Your assignment | An exact copy is needed of the lines in the entries below from the line with "2026 Harley-Davidson® Low Rider® S" up to and including the line with "Motokros čelada Kini Red Bull MX3", and of nothing else. Leave the pictures out.

Data shown |

- Opening Delimiter -

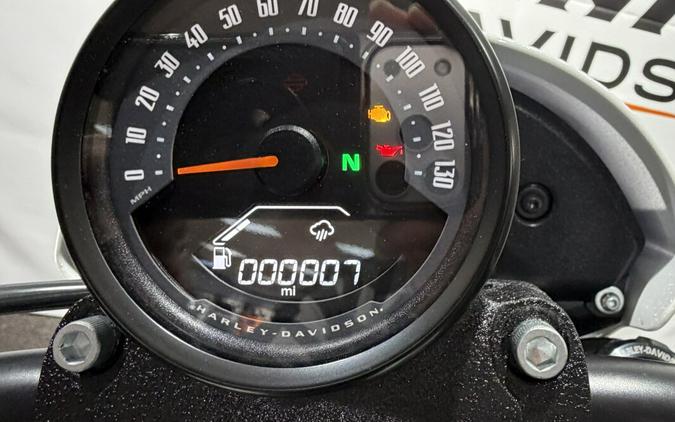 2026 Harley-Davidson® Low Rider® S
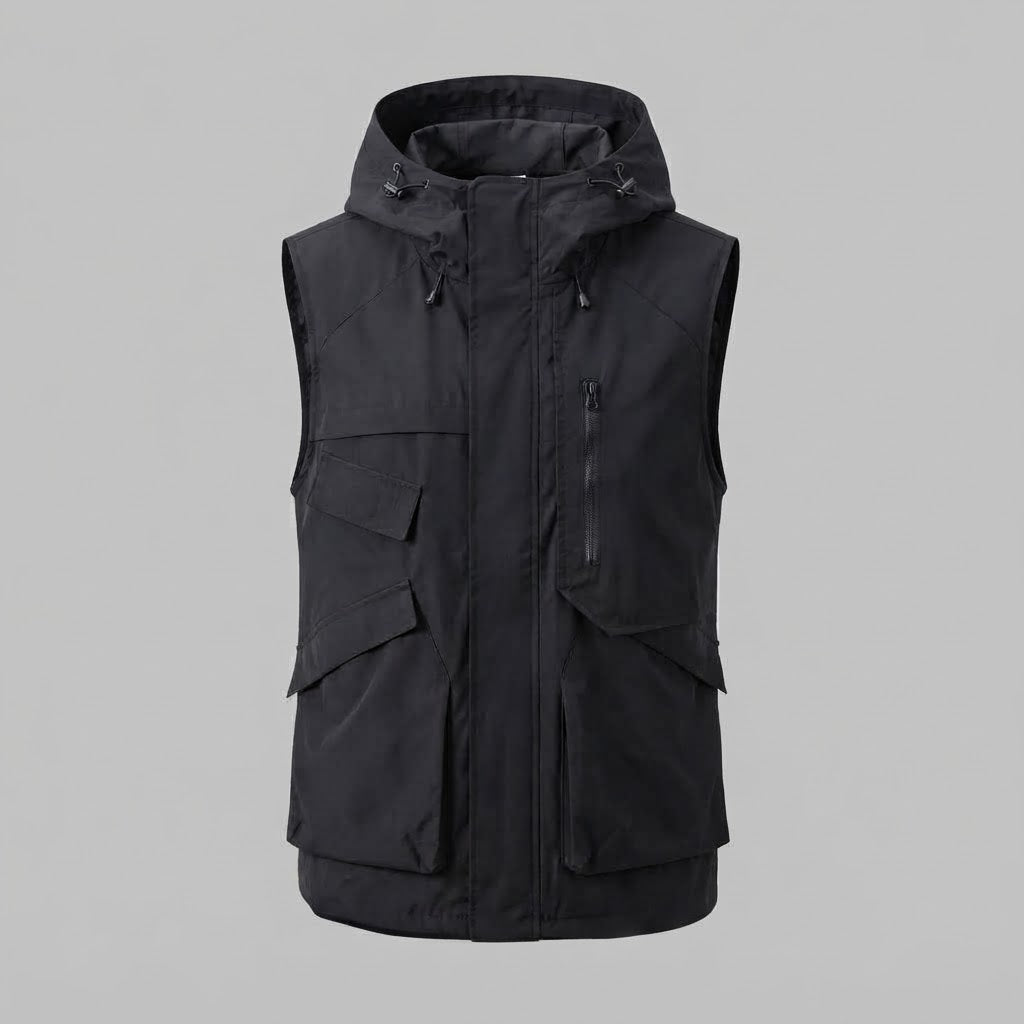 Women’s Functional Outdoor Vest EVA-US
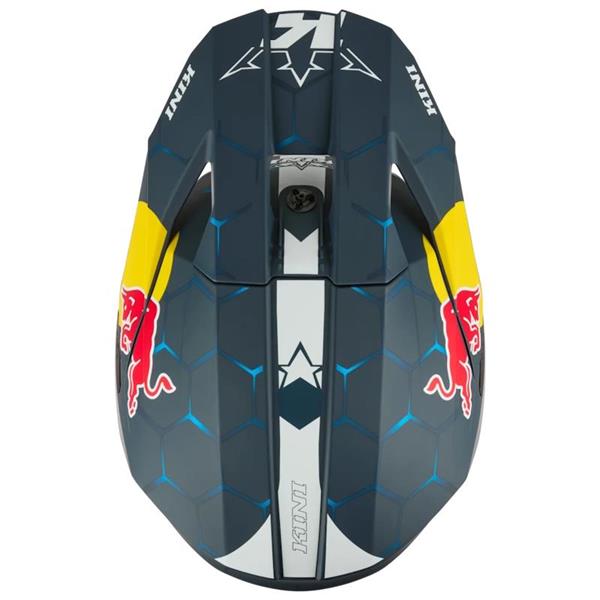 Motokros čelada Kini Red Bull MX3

- Closing Delimiter -
- Opening Delimiter -

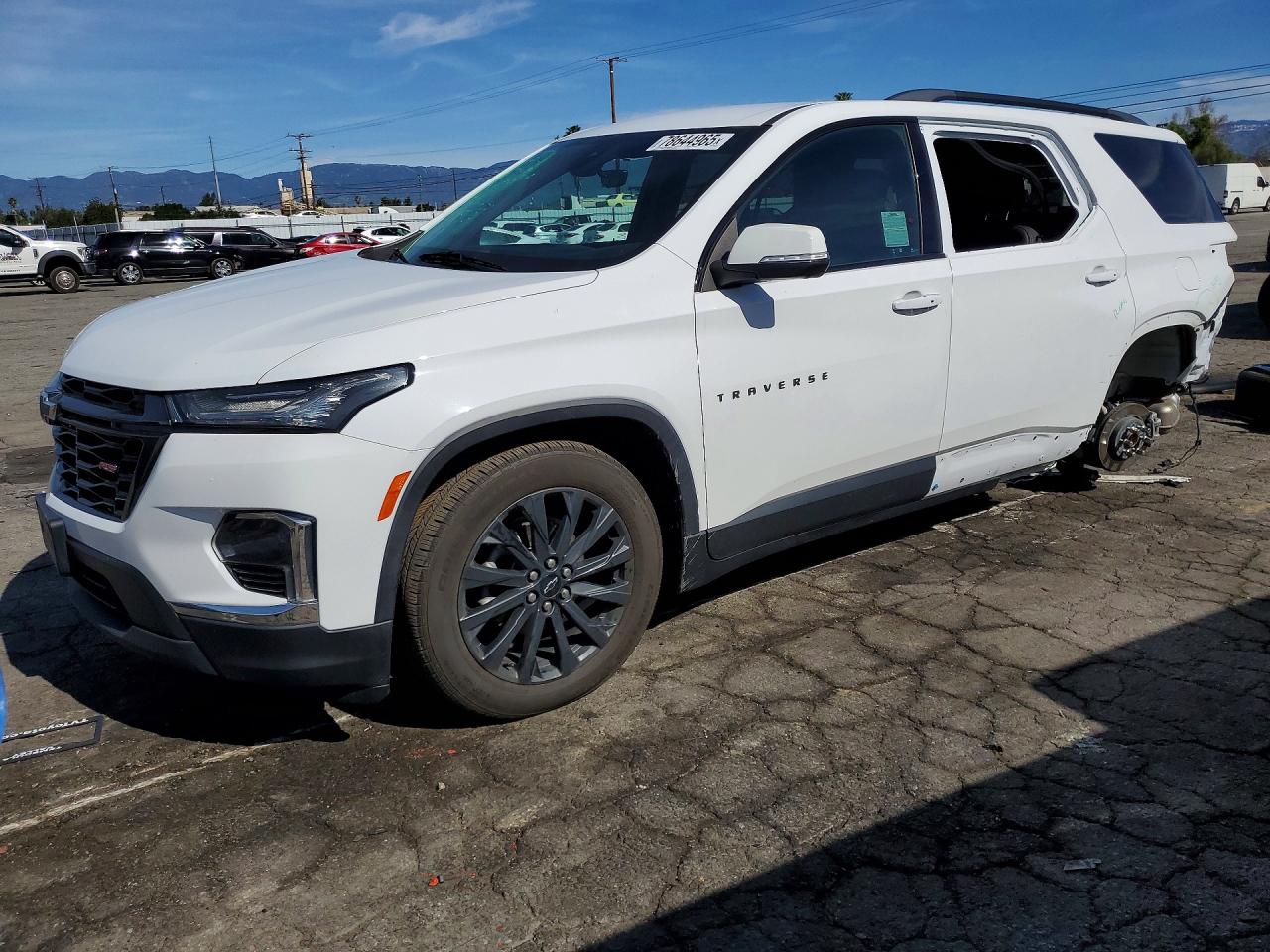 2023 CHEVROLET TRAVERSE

- Closing Delimiter -

Answer below |
 2026 Harley-Davidson® Low Rider® S
 Women’s Functional Outdoor Vest EVA-US
 Motokros čelada Kini Red Bull MX3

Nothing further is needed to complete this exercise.